_ACTIVITY_
What you should give back is a precise copy of the lines below from the one containing "選擇設(shè)計(jì)公司的三個(gè)原則" through the one containing "Assy DRAWER;WWW9400B,AOW DC97-23338A", with no pictures.
━━━━━ LISTED RECORDS ━━━━━
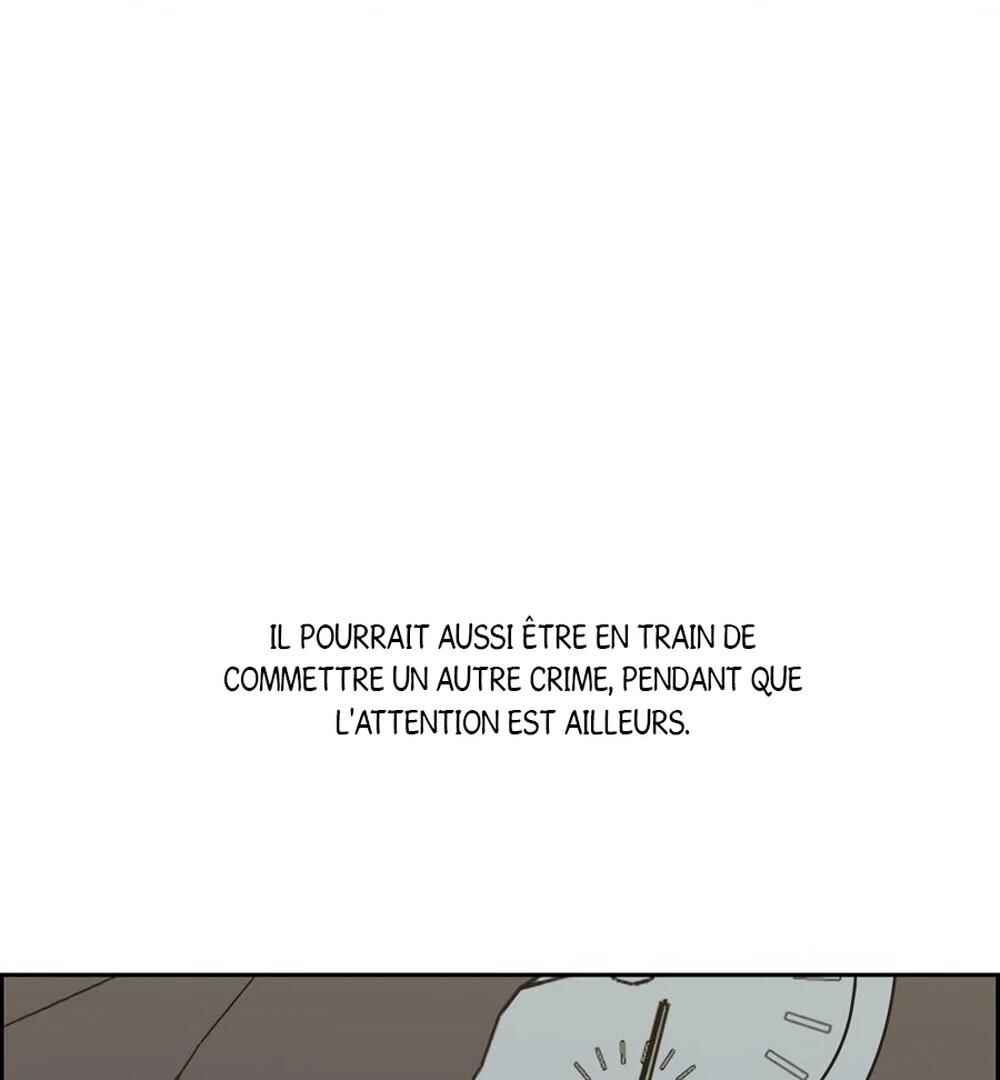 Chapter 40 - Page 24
━━━━━
━━━━━ LISTED RECORDS ━━━━━
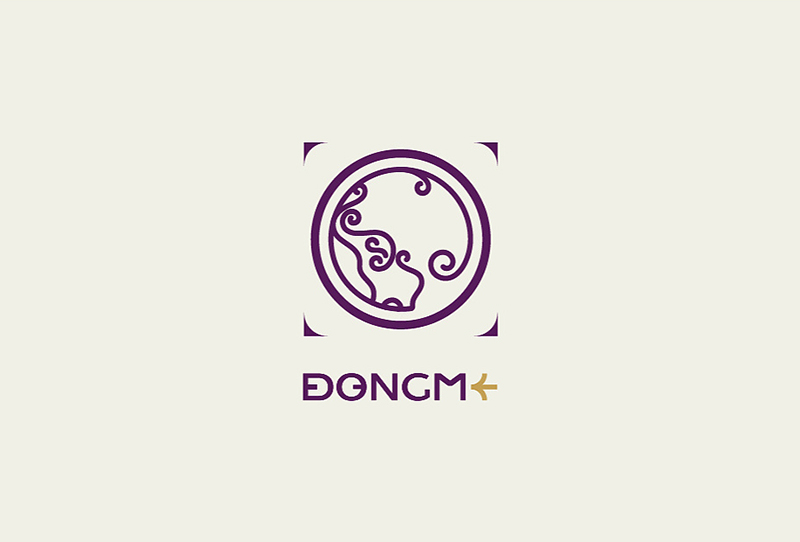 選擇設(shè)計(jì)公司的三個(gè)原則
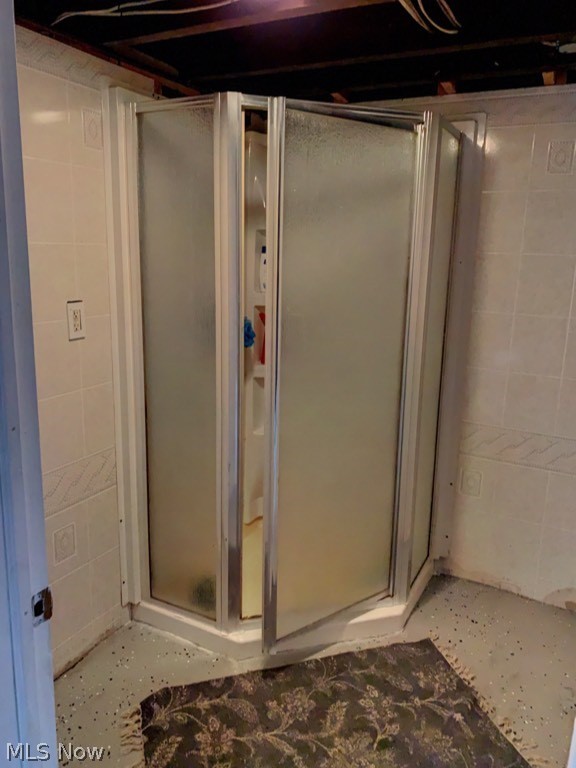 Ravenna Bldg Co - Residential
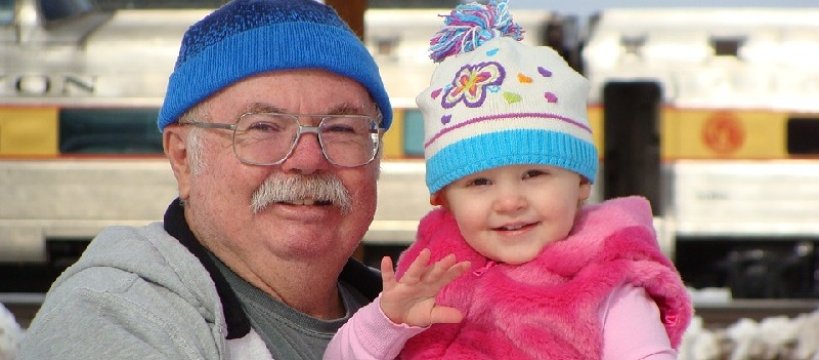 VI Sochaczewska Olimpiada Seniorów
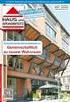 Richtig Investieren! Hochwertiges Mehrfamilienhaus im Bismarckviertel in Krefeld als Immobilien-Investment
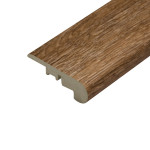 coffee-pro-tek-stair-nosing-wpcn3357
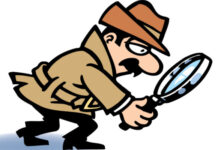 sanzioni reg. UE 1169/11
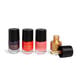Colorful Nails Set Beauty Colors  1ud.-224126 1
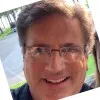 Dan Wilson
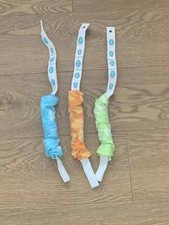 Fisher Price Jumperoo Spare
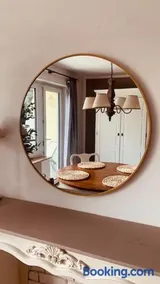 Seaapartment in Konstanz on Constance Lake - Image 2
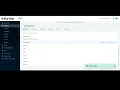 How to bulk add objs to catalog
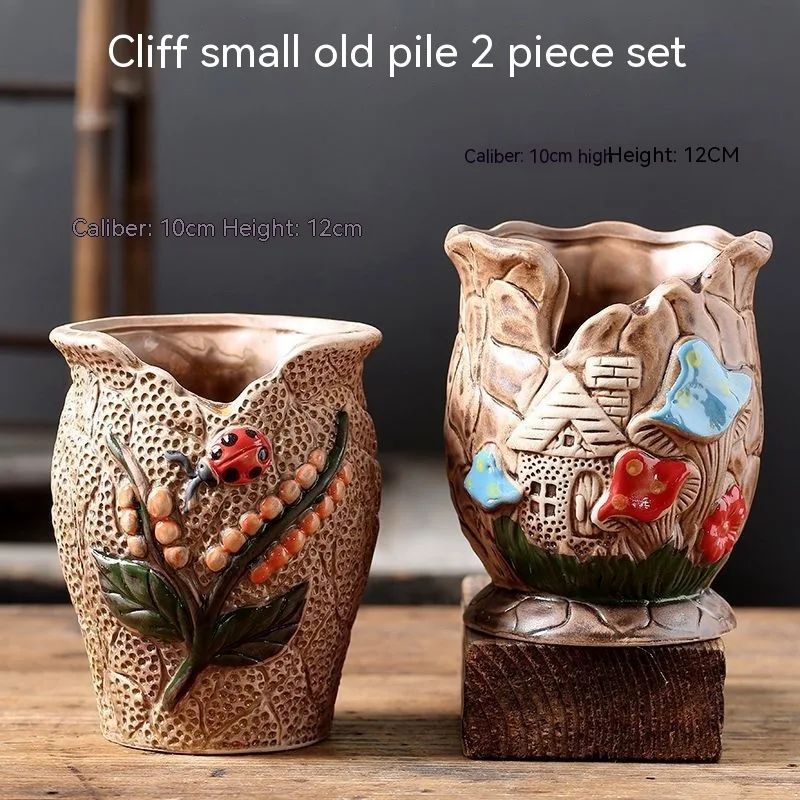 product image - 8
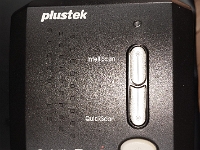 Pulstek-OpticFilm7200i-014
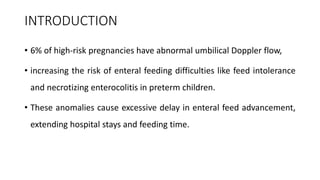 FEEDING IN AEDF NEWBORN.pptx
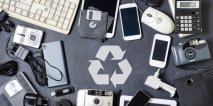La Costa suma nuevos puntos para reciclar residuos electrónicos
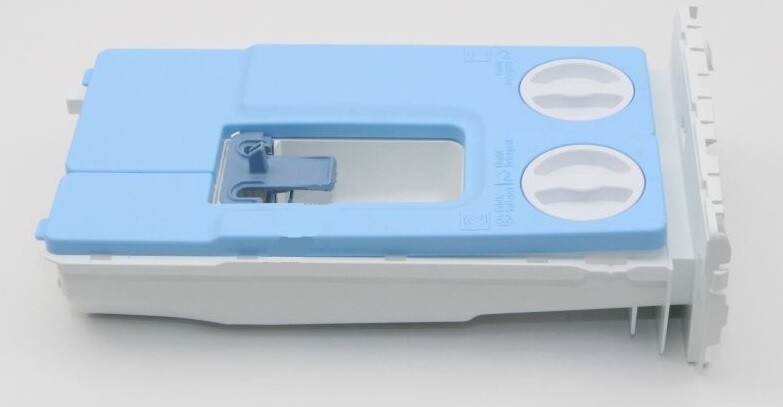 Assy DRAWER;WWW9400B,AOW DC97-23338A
━━━━━
━━━━━ LISTED RECORDS ━━━━━
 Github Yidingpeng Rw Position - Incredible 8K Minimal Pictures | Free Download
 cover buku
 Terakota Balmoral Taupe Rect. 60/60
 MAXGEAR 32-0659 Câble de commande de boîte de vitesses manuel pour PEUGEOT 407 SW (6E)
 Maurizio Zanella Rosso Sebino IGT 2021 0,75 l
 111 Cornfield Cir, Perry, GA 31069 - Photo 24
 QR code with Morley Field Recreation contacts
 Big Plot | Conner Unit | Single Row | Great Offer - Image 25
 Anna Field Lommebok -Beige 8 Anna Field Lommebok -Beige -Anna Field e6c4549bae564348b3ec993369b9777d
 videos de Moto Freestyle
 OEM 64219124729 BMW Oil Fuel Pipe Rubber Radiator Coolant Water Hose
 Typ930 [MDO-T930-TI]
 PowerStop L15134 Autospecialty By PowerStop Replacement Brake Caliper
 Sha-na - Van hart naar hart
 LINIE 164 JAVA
━━━━━
_SOLUTION TO THE PROBLEM_
 選擇設(shè)計(jì)公司的三個(gè)原則
 Ravenna Bldg Co - Residential
 VI Sochaczewska Olimpiada Seniorów
 Richtig Investieren! Hochwertiges Mehrfamilienhaus im Bismarckviertel in Krefeld als Immobilien-Investment
 coffee-pro-tek-stair-nosing-wpcn3357
 sanzioni reg. UE 1169/11
Colorful Nails Set Beauty Colors  1ud.-224126 1
 Dan Wilson
 Fisher Price Jumperoo Spare
 Seaapartment in Konstanz on Constance Lake - Image 2
 How to bulk add objs to catalog
 product image - 8
 Pulstek-OpticFilm7200i-014
 FEEDING IN AEDF NEWBORN.pptx
La Costa suma nuevos puntos para reciclar residuos electrónicos
 Assy DRAWER;WWW9400B,AOW DC97-23338A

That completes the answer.